Evaluating the Logical Reasoning Ability of ChatGPT and GPT-4

Hanmeng Liu,Ruoxi Ning,Zhiyang Teng,Jian Liu,Qiji Zhou,Yue Zhang
2023-05-05
Abstract:Harnessing logical reasoning ability is a comprehensive natural language understanding endeavor. With the release of Generative Pretrained Transformer 4 (GPT-4), highlighted as "advanced" at reasoning tasks, we are eager to learn the GPT-4 performance on various logical reasoning tasks. This report analyses multiple logical reasoning datasets, with popular benchmarks like LogiQA and ReClor, and newly-released datasets like AR-LSAT. We test the multi-choice reading comprehension and natural language inference tasks with benchmarks requiring logical reasoning. We further construct a logical reasoning out-of-distribution dataset to investigate the robustness of ChatGPT and GPT-4. We also make a performance comparison between ChatGPT and GPT-4. Experiment results show that ChatGPT performs significantly better than the RoBERTa fine-tuning method on most logical reasoning benchmarks. With early access to the GPT-4 API we are able to conduct intense experiments on the GPT-4 model. The results show GPT-4 yields even higher performance on most logical reasoning datasets. Among benchmarks, ChatGPT and GPT-4 do relatively well on well-known datasets like LogiQA and ReClor. However, the performance drops significantly when handling newly released and out-of-distribution datasets. Logical reasoning remains challenging for ChatGPT and GPT-4, especially on out-of-distribution and natural language inference datasets. We release the prompt-style logical reasoning datasets as a benchmark suite and name it LogiEval.
Computation and Language,Artificial Intelligence
What problem does this paper attempt to address?

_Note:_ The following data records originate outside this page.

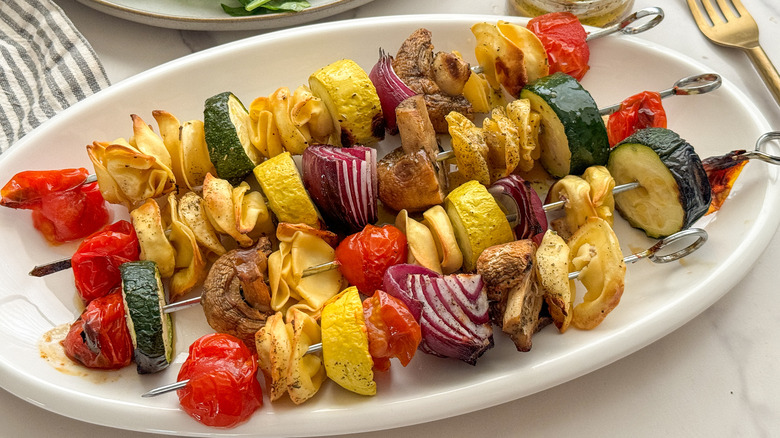 skewers on oval platter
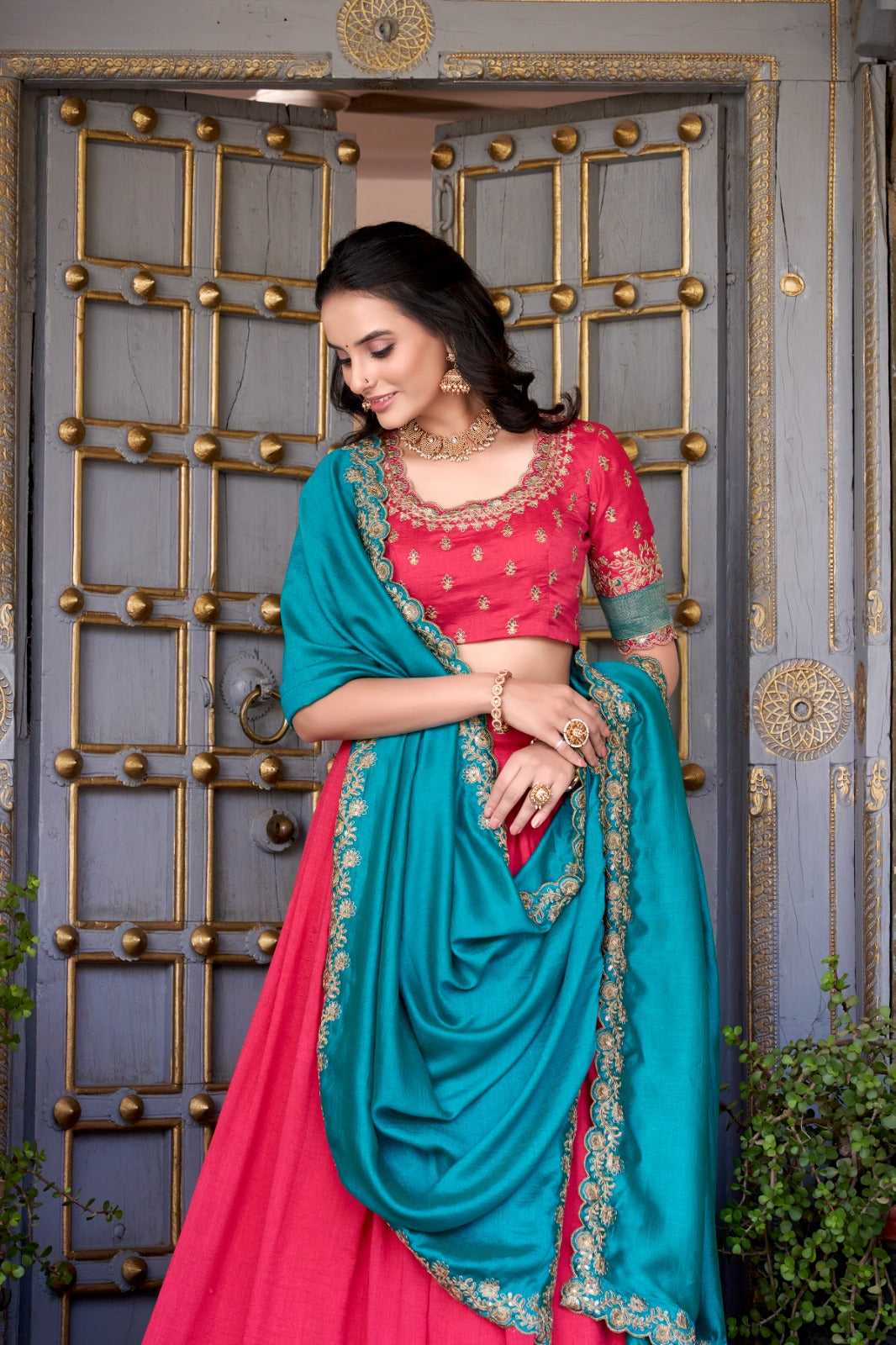 Rani Pink Lehenga Choli with Teal Blue Embroidered Dupatta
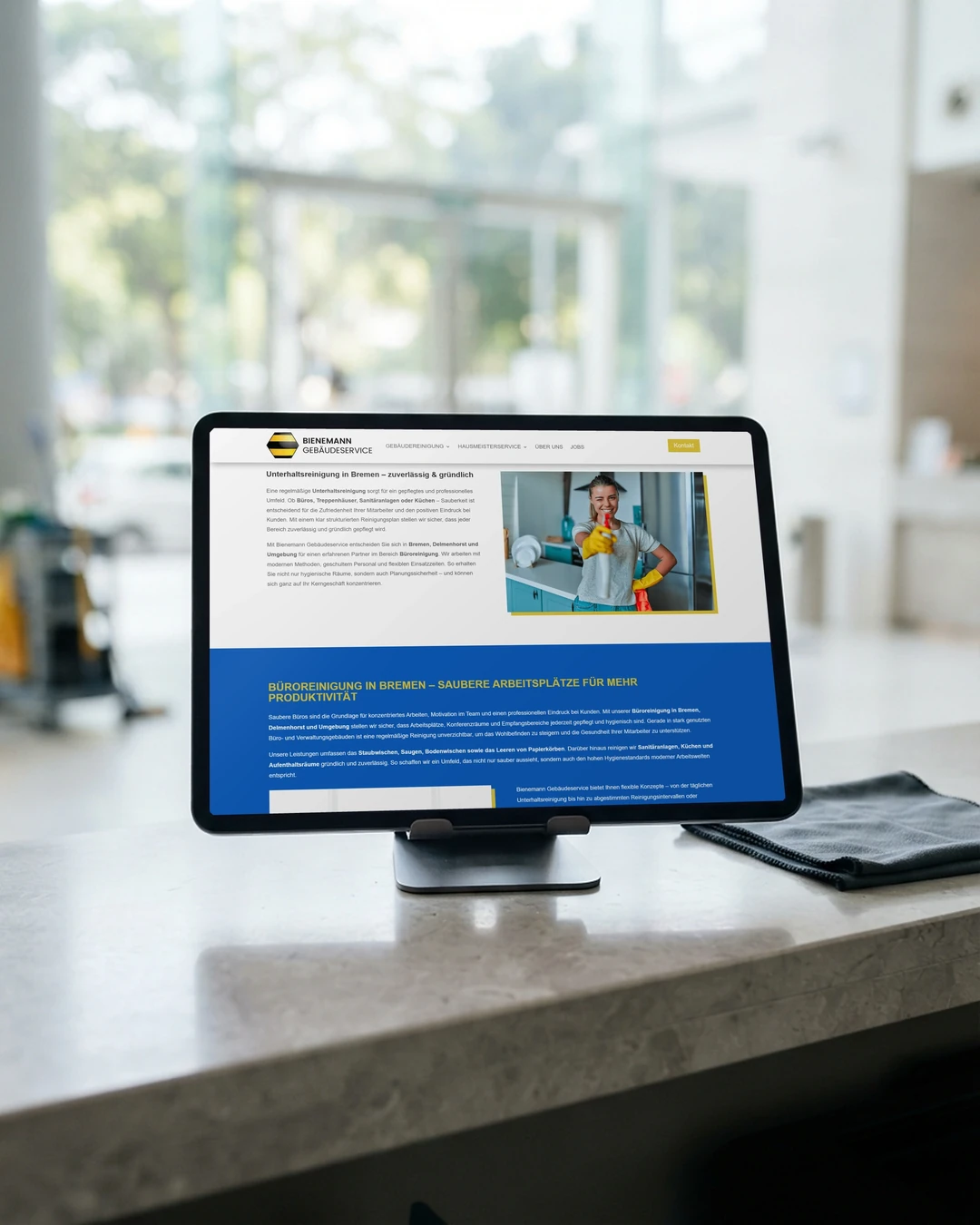 Website für Reinigungsfirmen: Unterhaltsreinigung am Tablet Seite Unterhaltsreinigung von Bienemann auf dem Tablet am Empfang eines Bürohauses: Website für Reinigungsfirmen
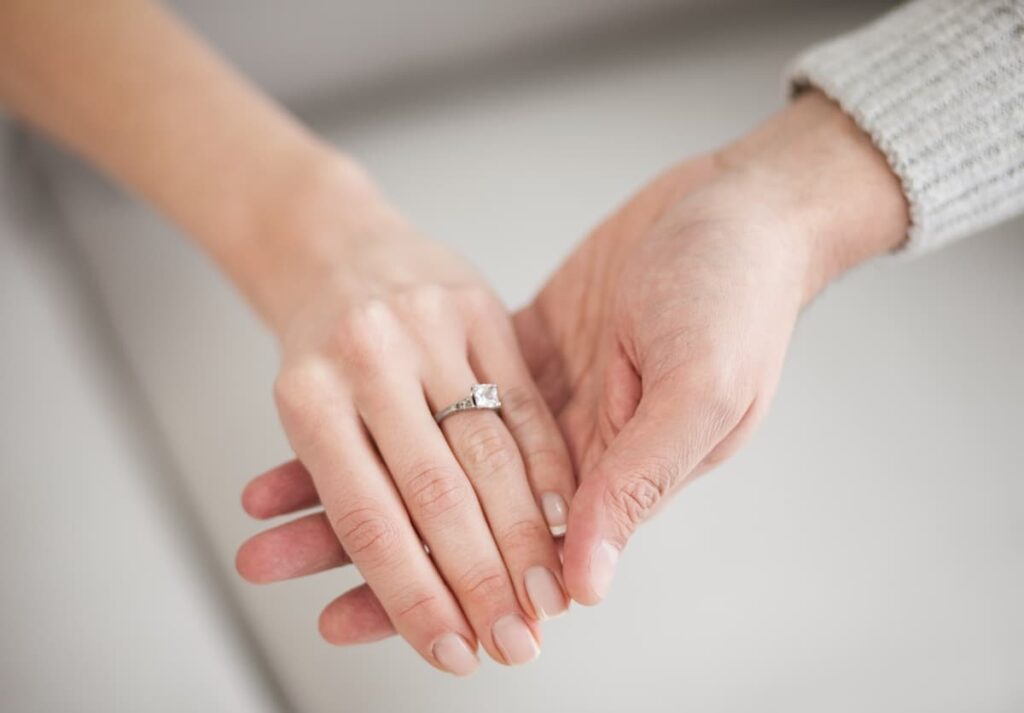 Bible Verses On Marriage - husband holding his wife's hand, showing wife's wedding ring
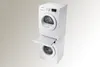 A stacked washing machine and dryer unit with a pull-out shelf between them. Voir les images du produit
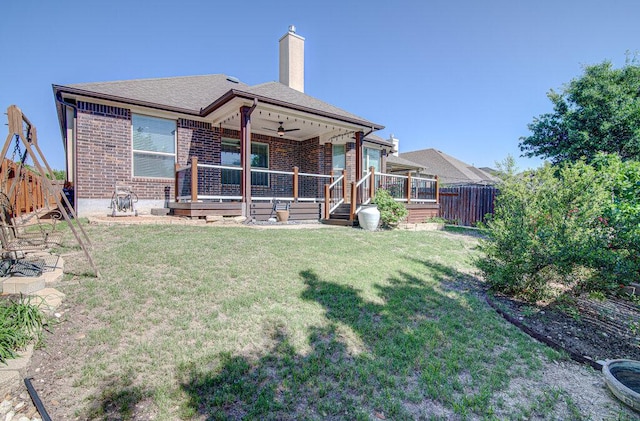 5617 Rio Chama Cv, Austin, TX 78738 - back of property with ceiling fan, brick siding, a fenced backyard, a chimney, and a wooden deck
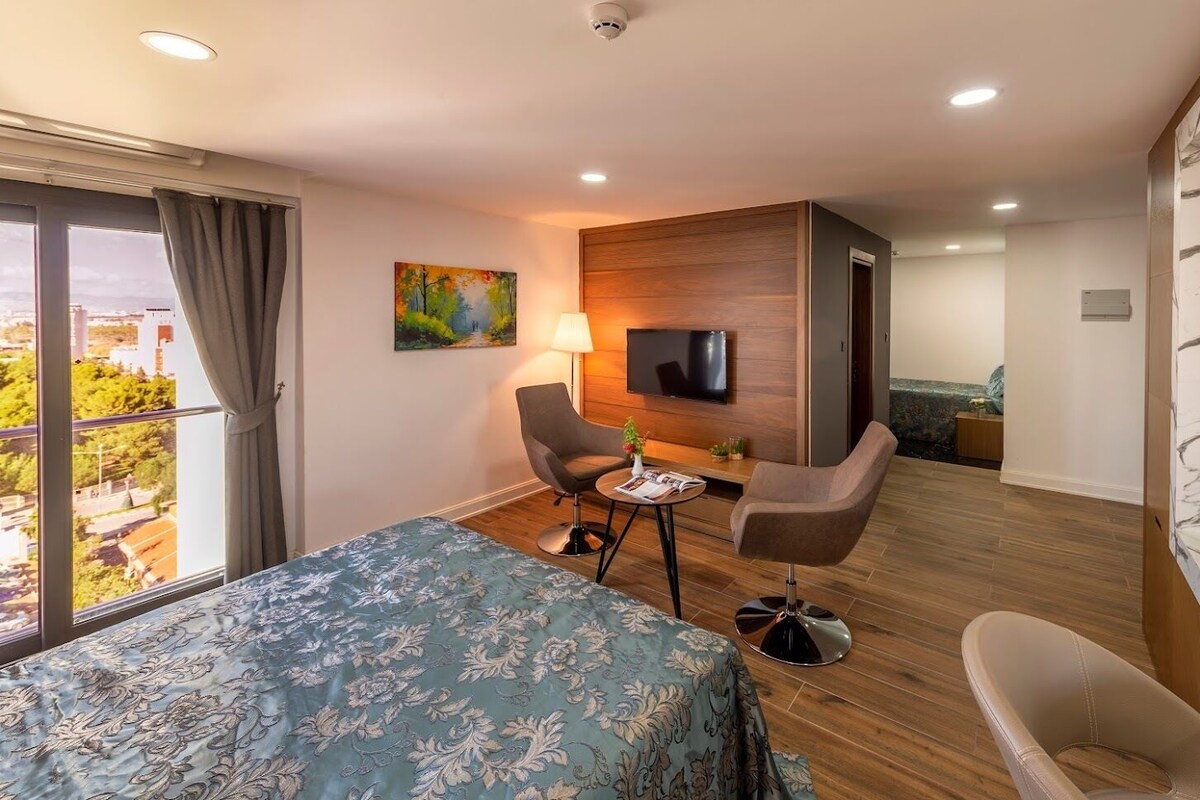A hotel room with a bed, a desk, two chairs, a TV, and a view of the city.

The paper attempts to address the issue of evaluating the performance of ChatGPT and GPT-4 on logical reasoning tasks. Specifically, the authors aim to test the capabilities of these two models in multiple-choice reading comprehension and natural language inference tasks using various logical reasoning datasets, and to analyze their strengths and limitations. ### Main Issues of the Paper: 1. **Evaluating the Logical Reasoning Ability of ChatGPT and GPT-4**: - The authors aim to understand the performance of these models on different logical reasoning tasks, especially when dealing with known datasets and newly released, out-of-distribution datasets. 2. **Comparing the Performance of ChatGPT and GPT-4**: - Through experiments, the authors hope to compare the performance of these two models on logical reasoning tasks, particularly in comparison to traditional fine-tuning methods (such as RoBERTa). 3. **Exploring the Performance of Models on Different Tasks**: - The authors not only tested multiple-choice reading comprehension tasks but also tested natural language inference tasks to comprehensively evaluate the logical reasoning abilities of these models. ### Specific Goals: - **Constructing Logical Reasoning Datasets**: - The authors constructed a new logical reasoning dataset, LogiEval, to test prompt-based large-scale language models. - **Analyzing Model Performance on Different Datasets**: - The authors selected several popular logical reasoning datasets, such as LogiQA, ReClor, ConTRoL, etc., as well as the newly released dataset AR-LSAT, to evaluate the performance of ChatGPT and GPT-4. - **Exploring the Contextual Learning Ability of Models**: - The authors studied the performance of GPT-4 after seeing examples multiple times within the same conversation window to evaluate its contextual learning ability. - **Exploring the Effect of Chain-of-Thought Prompts**: - The authors tried Chain-of-Thought (CoT) prompts to evaluate the impact of this prompting method on GPT-4's performance in logical reasoning tasks. ### Summary: The paper aims to comprehensively evaluate the performance of ChatGPT and GPT-4 on logical reasoning tasks using multiple logical reasoning datasets, particularly their ability to handle known datasets and newly released, out-of-distribution datasets. Additionally, by constructing new datasets and exploring different prompting methods, the authors further investigate the performance and limitations of these models.